La Cour de Cassation a, à ce propos, censuré une décision qui, pour déclarer la décision de prise en charge inopposable à l’employeur, avait retenu que la caisse n’avait répondu à la demande de communication du dossier formulée par celui-ci qu’à une date postérieure à la prise de décision.

Pour statuer en ce sens elle a retenu «que l’article R. 441-11 du code de la sécurité sociale ne soumet à aucune forme particulière la communication du dossier et que la caisse, qui n’était pas tenue de faire droit à la demande de l’employeur de lui en délivrer copie, avait rempli ses obligations en invitant ce dernier à en prendre connaissance dans le délai qu’elle avait déterminé… » (Cass. Civ. 2ème 22 janvier 2009 sur le pourvoi: 08-10320).

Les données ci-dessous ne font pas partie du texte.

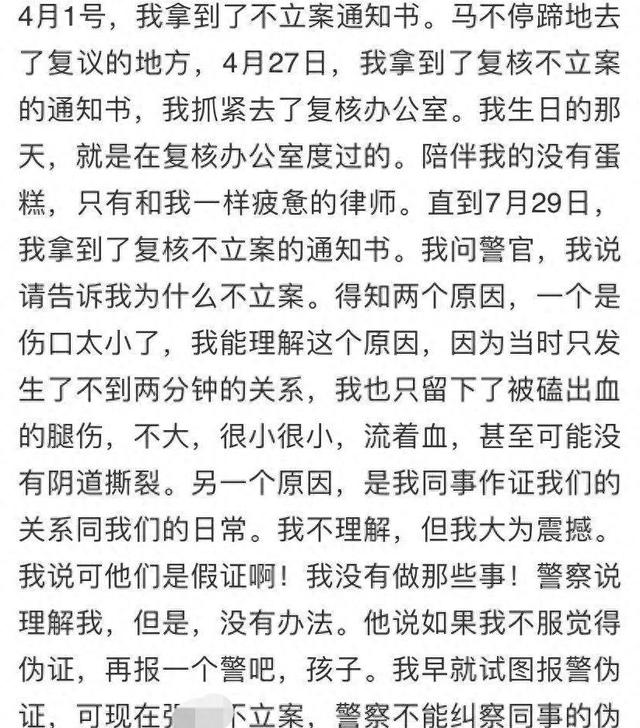 博主美女被已婚老板性侵！同事做出虚假陈述，此案无法起诉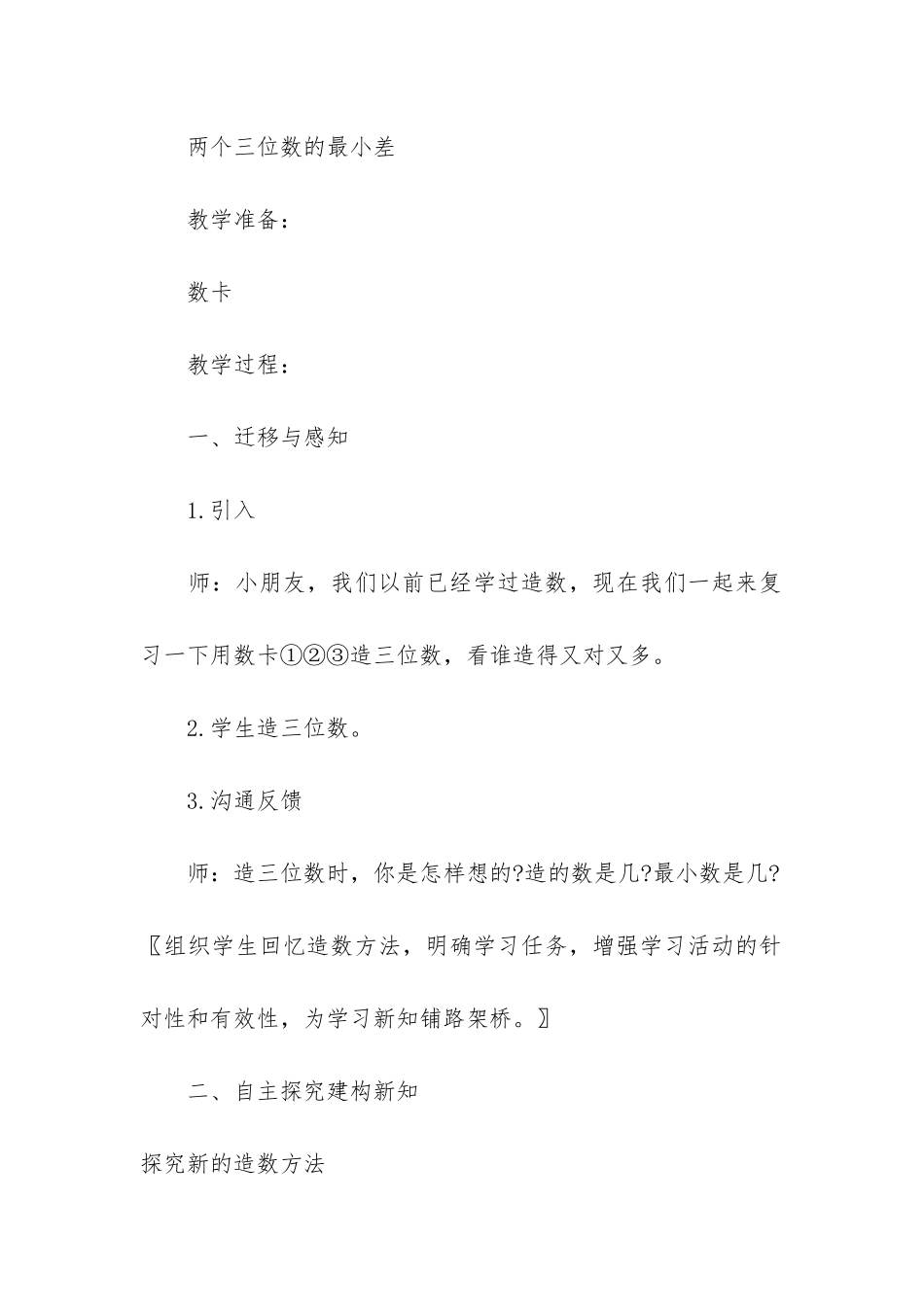 数学开学第一课活动教案5篇_第2页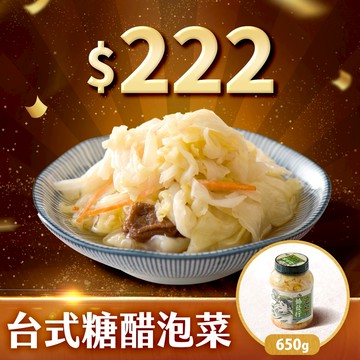 協發行泡菜 台式糖醋泡菜 650g/瓶【全館滿799免運費】解膩小菜、話梅點綴、酸甜甘口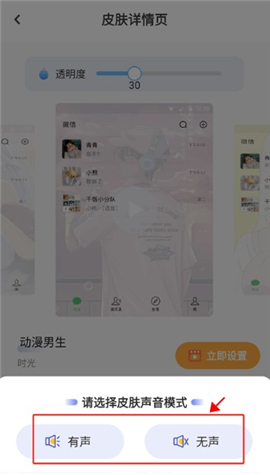 主题透明壁纸下载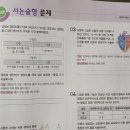 EBS중학 뉴런 과학2 구입후기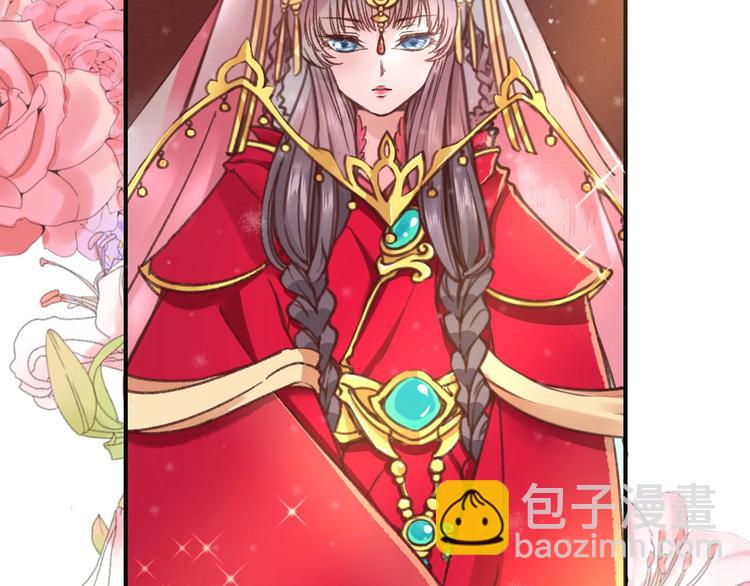 盛世梨花殿 - 第1話 西域重生太子妃(2/3) - 3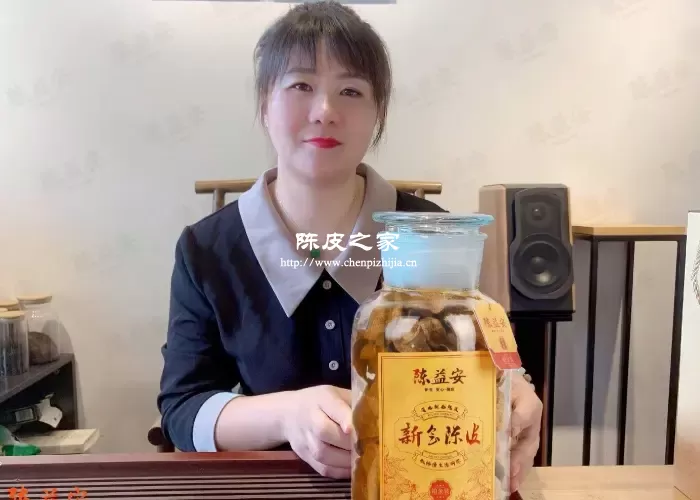 陈益安的陈皮值得购买吗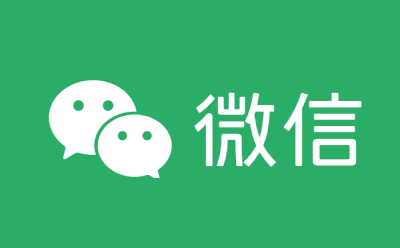 微信电脑版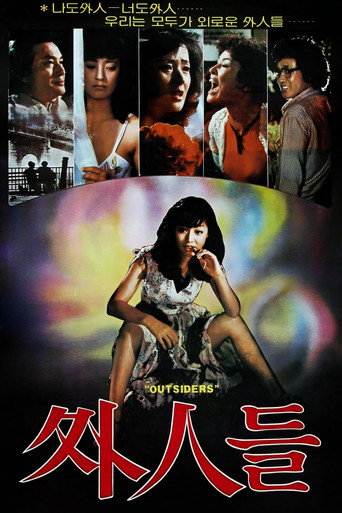 Poster 2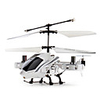 Palm Size 4-Channel Remote Control Helicopter with Gyro (White)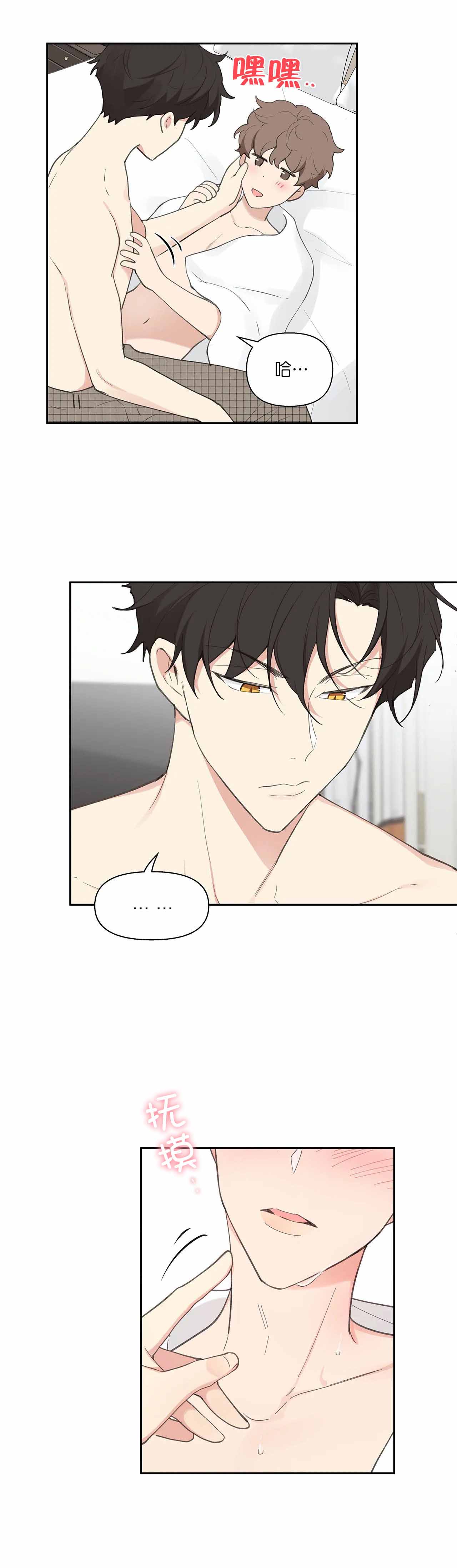 主人的任务漫画,第14话4图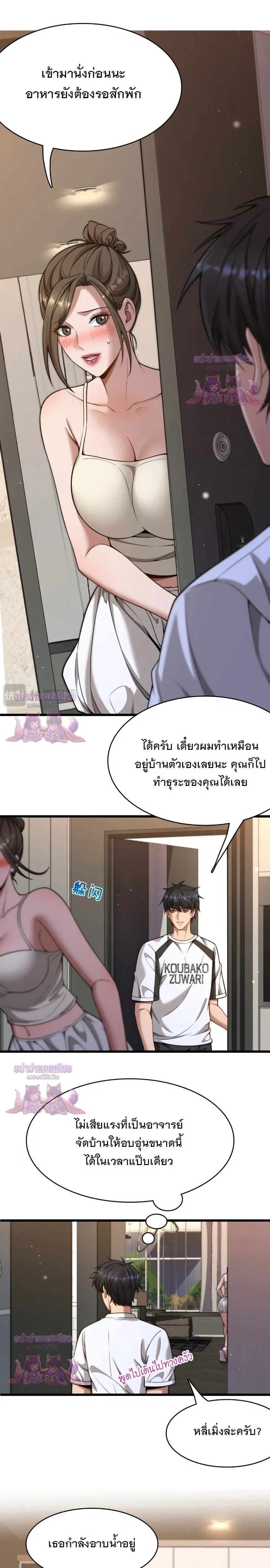 ภาพที่ 4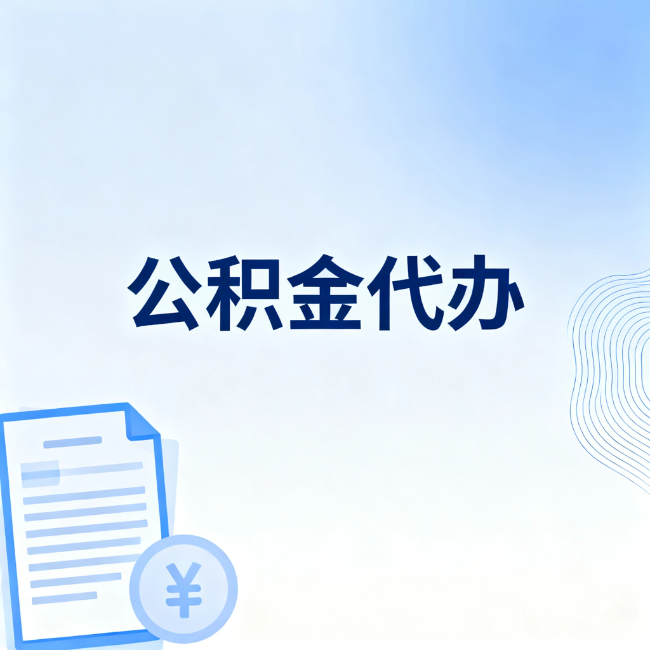 石嘴山公积金自己办 VS 找代办：算完这笔账，你就知道值不值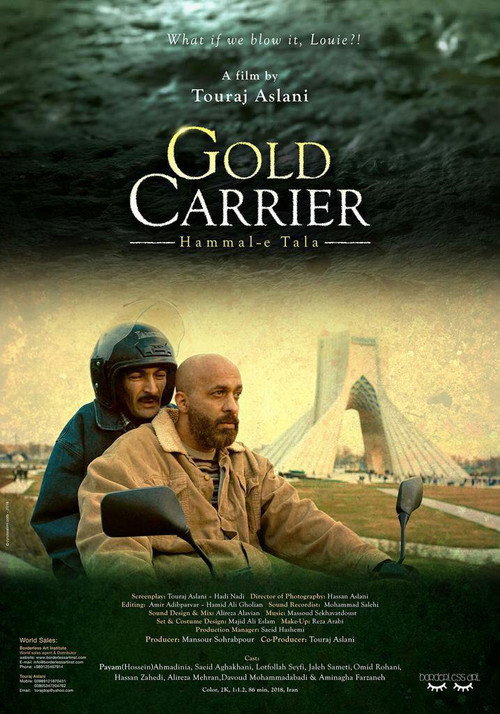 Movie poster for Gold Carrier (2019)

Dans un autre arrêt rendu le même jour la Cour de Cassation a encore censuré une décision qui avait déclaré une décision inopposable à la caisse à raison d’un défaut de communication du dossier « alors que l’article R. 441-11 du code de la sécurité sociale ne soumet à aucune forme particulière la communication du dossier, que la caisse n’est pas tenue de faire droit à la demande de l’employeur de lui en délivrer copie … » (Cass. Cv. 2ème 22 janvier 2009, sur le pourvoi 08-13157).

Plus généralement, elle explique que « l’article R. 441-11 du code de la sécurité sociale ne soumet à aucune forme particulière la communication du dossier » et, mieux encore « la caisse, qui n’est pas tenue de faire droit à la demande de l’employeur de lui en délivrer copie » remplit de façon satisfaisante « ses obligations en invitant l’employeur à en prendre connaissance dans le délai qu’elle a déterminé. » (Cass. Civ. 2ème 5 avril 2007, sur le pourvoi 06-13663, publié).

Dans le nouvel arrêt commenté ici, l’employeur avait conclu à l’inopposabilité à son égard de la décision de la caisse de prendre en charge un accident du travail, que la caisse aurait manqué à son égard au respect des règles du contradictoire lors de l’instruction du dossier.
L’employeur avait reproché à la caisse de ne pas lui avoir laissé prendre une copie des pièces et de l’avoir uniquement autorisé à les visualiser sur un écran ce qui aurait été insuffisant pour que l’instruction soit qualifiée de contradictoire.
Saisie du pourvoi de la caisse, la Cour de Cassation a contaté « que pour accueillir ce recours … l’arrêt énonce que pesait sur la caisse une obligation de communication de pièces, et non plus seulement de consultation, dès lors que l’employeur avait formulé une demande de copie de pièces ; que les modalités de mise à disposition des pièces du dossier n’ont pas offert à l’employeur une possibilité effective de consultation et d’analyse ; que la caisse a commis un manquement au respect du principe du contradictoire. »
Elle a censuré cette décision en expliquant «Qu’en statuant ainsi, alors que la caisse n’était pas tenue de délivrer à l’employeur la copie des pièces constituant le dossier d’instruction, la cour d’appel, qui n’a pas tiré les conséquences légales de ses propres constatations, a violé » l’article R.441-14 du code de la sécurité sociale.
(Cass. Civ. 2ème 9 mai 2018, sur le pourvoi 17-17922).